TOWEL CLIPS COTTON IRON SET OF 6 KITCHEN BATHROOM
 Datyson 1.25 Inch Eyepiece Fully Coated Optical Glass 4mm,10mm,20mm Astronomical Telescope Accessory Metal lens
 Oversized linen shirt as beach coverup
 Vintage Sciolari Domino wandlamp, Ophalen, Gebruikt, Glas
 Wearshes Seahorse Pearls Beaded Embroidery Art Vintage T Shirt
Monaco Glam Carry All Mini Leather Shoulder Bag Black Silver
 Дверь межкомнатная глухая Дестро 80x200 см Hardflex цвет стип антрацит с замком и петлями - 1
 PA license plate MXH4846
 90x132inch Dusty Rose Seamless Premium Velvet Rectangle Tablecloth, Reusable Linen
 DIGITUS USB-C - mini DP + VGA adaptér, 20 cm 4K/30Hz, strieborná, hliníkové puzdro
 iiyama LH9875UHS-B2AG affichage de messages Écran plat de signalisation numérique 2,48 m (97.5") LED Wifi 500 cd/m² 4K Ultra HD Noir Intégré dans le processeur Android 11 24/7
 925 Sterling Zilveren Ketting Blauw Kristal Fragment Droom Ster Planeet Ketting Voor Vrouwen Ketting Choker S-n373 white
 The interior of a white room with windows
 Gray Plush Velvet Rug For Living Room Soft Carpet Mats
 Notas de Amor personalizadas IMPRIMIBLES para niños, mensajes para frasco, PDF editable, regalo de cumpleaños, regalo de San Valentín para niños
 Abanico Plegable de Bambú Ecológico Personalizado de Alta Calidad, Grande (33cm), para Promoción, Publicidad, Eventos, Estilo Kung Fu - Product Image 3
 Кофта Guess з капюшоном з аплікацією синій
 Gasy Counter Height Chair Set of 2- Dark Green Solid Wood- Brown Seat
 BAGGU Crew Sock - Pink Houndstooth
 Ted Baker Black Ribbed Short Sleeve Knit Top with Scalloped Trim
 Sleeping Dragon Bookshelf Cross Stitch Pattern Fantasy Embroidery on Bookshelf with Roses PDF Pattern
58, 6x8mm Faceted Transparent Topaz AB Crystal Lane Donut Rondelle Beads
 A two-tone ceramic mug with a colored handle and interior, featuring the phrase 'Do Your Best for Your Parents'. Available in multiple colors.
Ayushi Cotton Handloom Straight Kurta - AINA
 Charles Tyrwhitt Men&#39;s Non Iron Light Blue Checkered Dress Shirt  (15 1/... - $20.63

:: About this task ::
Write out the whole listing again, exactly as it stands.

:: Response ::
TOWEL CLIPS COTTON IRON SET OF 6 KITCHEN BATHROOM
 Datyson 1.25 Inch Eyepiece Fully Coated Optical Glass 4mm,10mm,20mm Astronomical Telescope Accessory Metal lens
 Oversized linen shirt as beach coverup
 Vintage Sciolari Domino wandlamp, Ophalen, Gebruikt, Glas
 Wearshes Seahorse Pearls Beaded Embroidery Art Vintage T Shirt
Monaco Glam Carry All Mini Leather Shoulder Bag Black Silver
 Дверь межкомнатная глухая Дестро 80x200 см Hardflex цвет стип антрацит с замком и петлями - 1
 PA license plate MXH4846
 90x132inch Dusty Rose Seamless Premium Velvet Rectangle Tablecloth, Reusable Linen
 DIGITUS USB-C - mini DP + VGA adaptér, 20 cm 4K/30Hz, strieborná, hliníkové puzdro
 iiyama LH9875UHS-B2AG affichage de messages Écran plat de signalisation numérique 2,48 m (97.5") LED Wifi 500 cd/m² 4K Ultra HD Noir Intégré dans le processeur Android 11 24/7
 925 Sterling Zilveren Ketting Blauw Kristal Fragment Droom Ster Planeet Ketting Voor Vrouwen Ketting Choker S-n373 white
 The interior of a white room with windows
 Gray Plush Velvet Rug For Living Room Soft Carpet Mats
 Notas de Amor personalizadas IMPRIMIBLES para niños, mensajes para frasco, PDF editable, regalo de cumpleaños, regalo de San Valentín para niños
 Abanico Plegable de Bambú Ecológico Personalizado de Alta Calidad, Grande (33cm), para Promoción, Publicidad, Eventos, Estilo Kung Fu - Product Image 3
 Кофта Guess з капюшоном з аплікацією синій
 Gasy Counter Height Chair Set of 2- Dark Green Solid Wood- Brown Seat
 BAGGU Crew Sock - Pink Houndstooth
 Ted Baker Black Ribbed Short Sleeve Knit Top with Scalloped Trim
 Sleeping Dragon Bookshelf Cross Stitch Pattern Fantasy Embroidery on Bookshelf with Roses PDF Pattern
58, 6x8mm Faceted Transparent Topaz AB Crystal Lane Donut Rondelle Beads
 A two-tone ceramic mug with a colored handle and interior, featuring the phrase 'Do Your Best for Your Parents'. Available in multiple colors.
Ayushi Cotton Handloom Straight Kurta - AINA
 Charles Tyrwhitt Men&#39;s Non Iron Light Blue Checkered Dress Shirt  (15 1/... - $20.63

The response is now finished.